(Stored data begins)

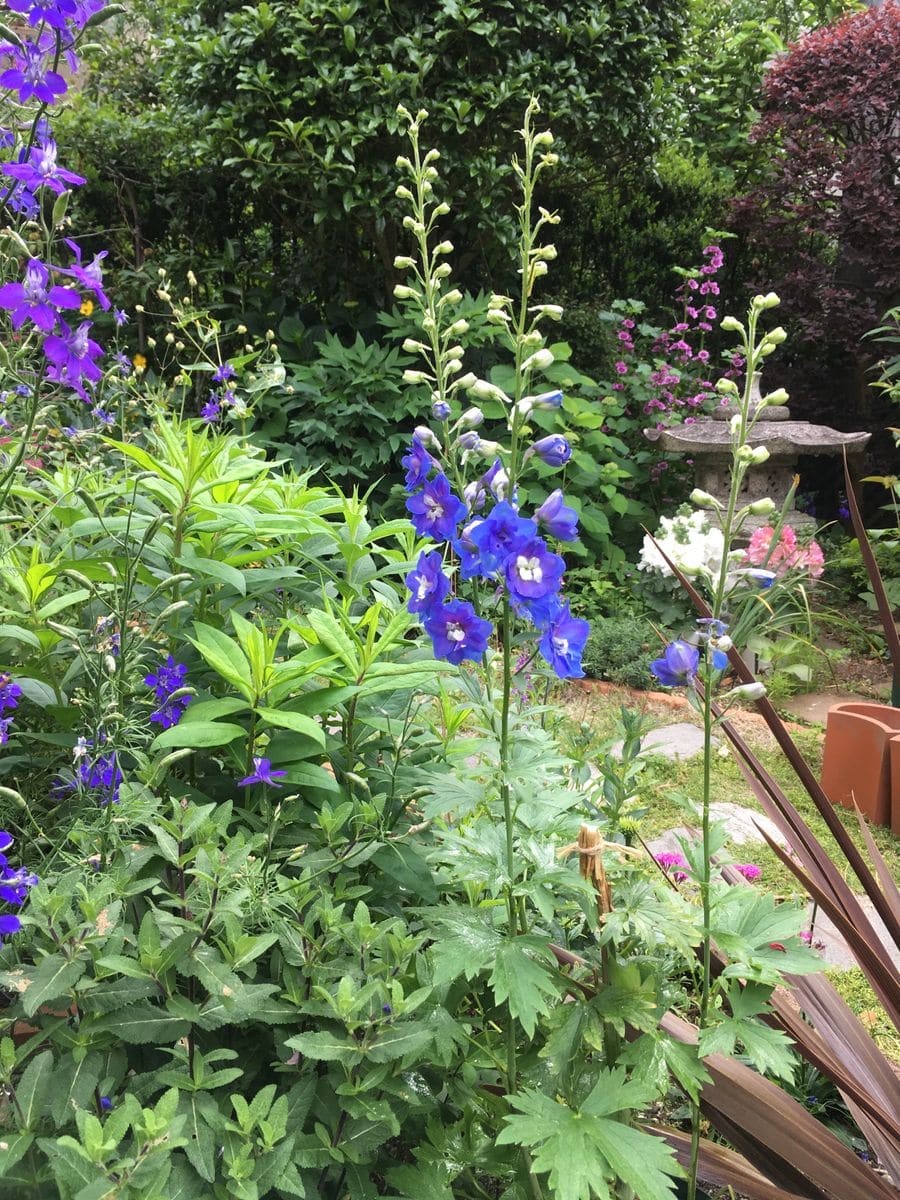 デルフィニウムの2番花が咲きました💙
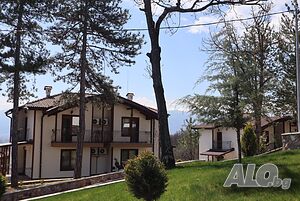 image_46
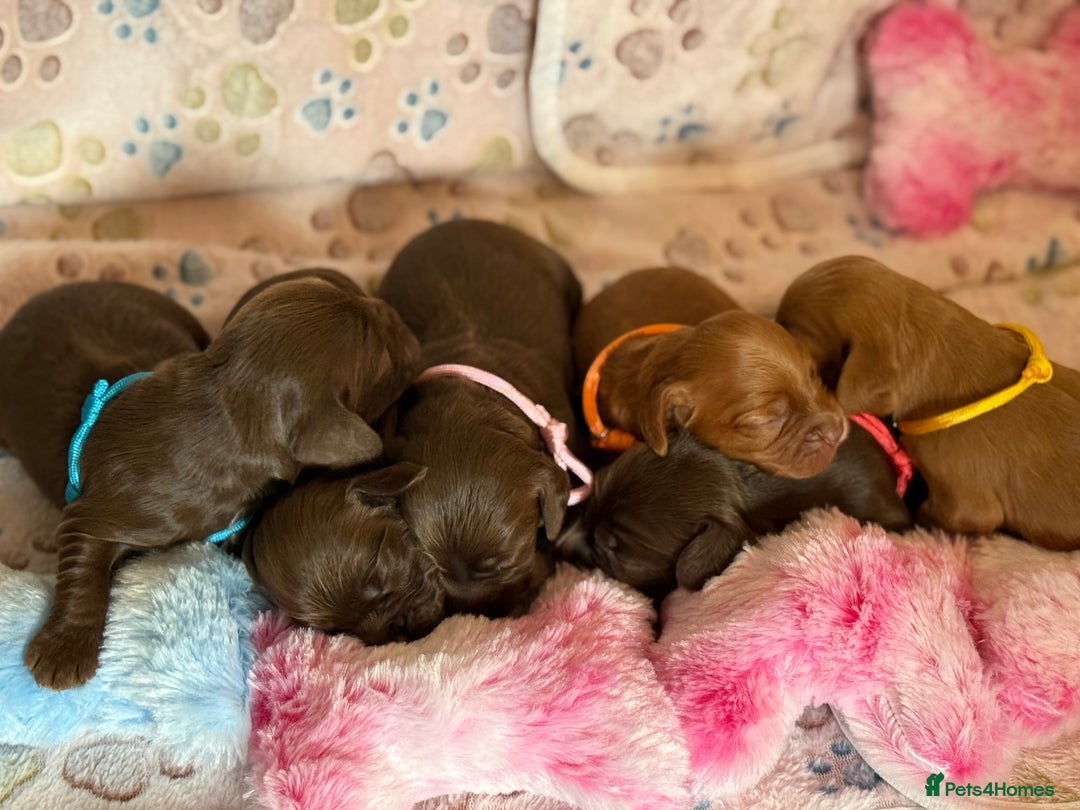 Cocker Spaniel dogs for sale: Beautiful Cocker Spaniel Puppies - Image 1
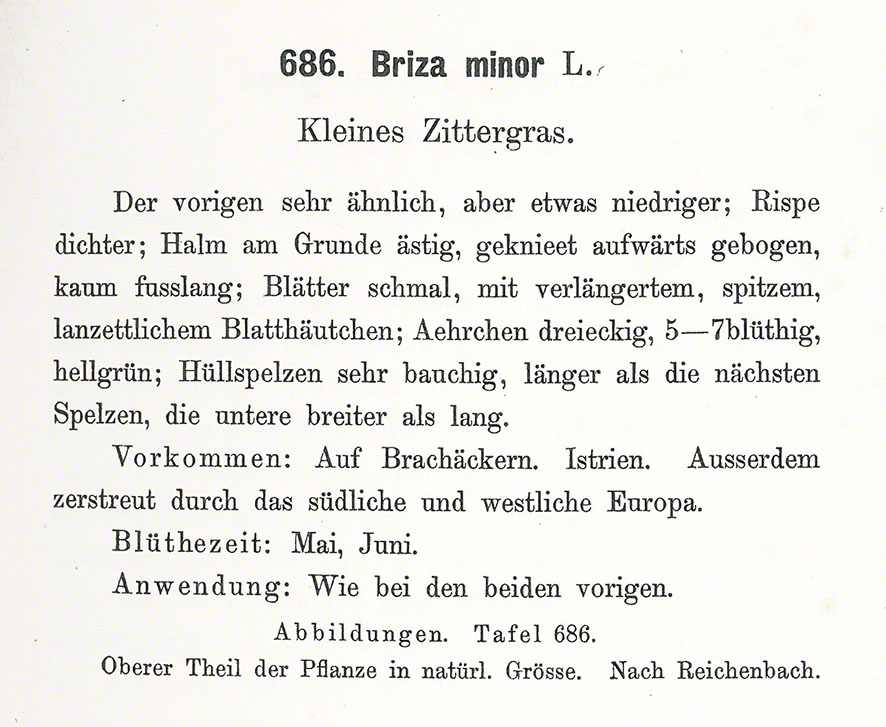 Zittergras - Briza minor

(Stored data ends)

Retype the listing exactly. Skip every picture.

▶ _Response below_
 デルフィニウムの2番花が咲きました💙
 image_46
 Cocker Spaniel dogs for sale: Beautiful Cocker Spaniel Puppies - Image 1
 Zittergras - Briza minor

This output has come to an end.